Greetings,
I ported an Object Oriented infrastructure to work with the Linux
kernel about two years ago. For various reasons, that work was
dropped for a while. Now, upon picking it back up again, there
are some new features that were not present in the original port
that I need to support.
Among these is a simple exception support system. The core
of this system is based on the existence of a setjmp/longjmp
facility. In digging through the source code, I've found a
few, architechturally specific implementations of such a
facility, but no generalized, multi-platform support.
A FAQ I found seems to suggest this deliberate, and that such
support will not ever be added to Linux. Am I correct in
my understanding? If so, is an architechturally specific
implementation (such as was done for ppc) acceptable?
Thanks,
John S.
On Sun, 2003-02-09 at 22:10, John W. M. Stevens wrote:
> Among these is a simple exception support system. The core
> of this system is based on the existence of a setjmp/longjmp
> facility. In digging through the source code, I've found a
> few, architechturally specific implementations of such a
> facility, but no generalized, multi-platform support.

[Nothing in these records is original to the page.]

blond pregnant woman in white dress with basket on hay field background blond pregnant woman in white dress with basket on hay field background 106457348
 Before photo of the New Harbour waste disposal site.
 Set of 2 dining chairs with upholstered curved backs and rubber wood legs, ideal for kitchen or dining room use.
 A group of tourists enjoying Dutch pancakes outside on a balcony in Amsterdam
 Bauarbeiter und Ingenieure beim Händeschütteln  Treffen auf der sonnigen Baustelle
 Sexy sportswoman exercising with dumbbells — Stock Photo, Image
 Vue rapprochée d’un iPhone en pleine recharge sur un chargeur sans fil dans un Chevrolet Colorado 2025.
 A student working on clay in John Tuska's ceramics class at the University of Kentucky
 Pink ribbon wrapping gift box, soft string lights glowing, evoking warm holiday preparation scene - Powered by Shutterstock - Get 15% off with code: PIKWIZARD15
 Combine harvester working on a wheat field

setjmp/longjmp are normally very hard to follow and maintain,
especially when the kernel has locks, sleeping rules and
multiple threads flying around.
You will see lots of code which does either
int foo_func()
{
alloc this
alloc that
_foo_func()
free this
free that
}
or has a single exit path and uses goto out type constructs
instead
> int foo_func()
> {
> alloc this
> alloc that
> _foo_func()
> free this
> free that
> }
Not that this matters any bit, but the proper order is of course
alloc this
alloc that
_foo_func()
free that
free this
even if only for aesthetical reasons :-)
(with locks, it does matter...)
Olaf
Olaf Titz wrote:
>
> Not that this matters any bit, but the proper order is of course
> alloc this
> alloc that
> _foo_func()
> free that
> free this
>
> even if only for aesthetical reasons :-)
>
> (with locks, it does matter...)
For locks it is only when you lock the order matters, not when
you unlock. For allocations there is of course the possibility
that the first allocation suceeds and the second fails, which
you must handle in some way.
--
Kasper Dupont -- der bruger for meget tid p? usenet.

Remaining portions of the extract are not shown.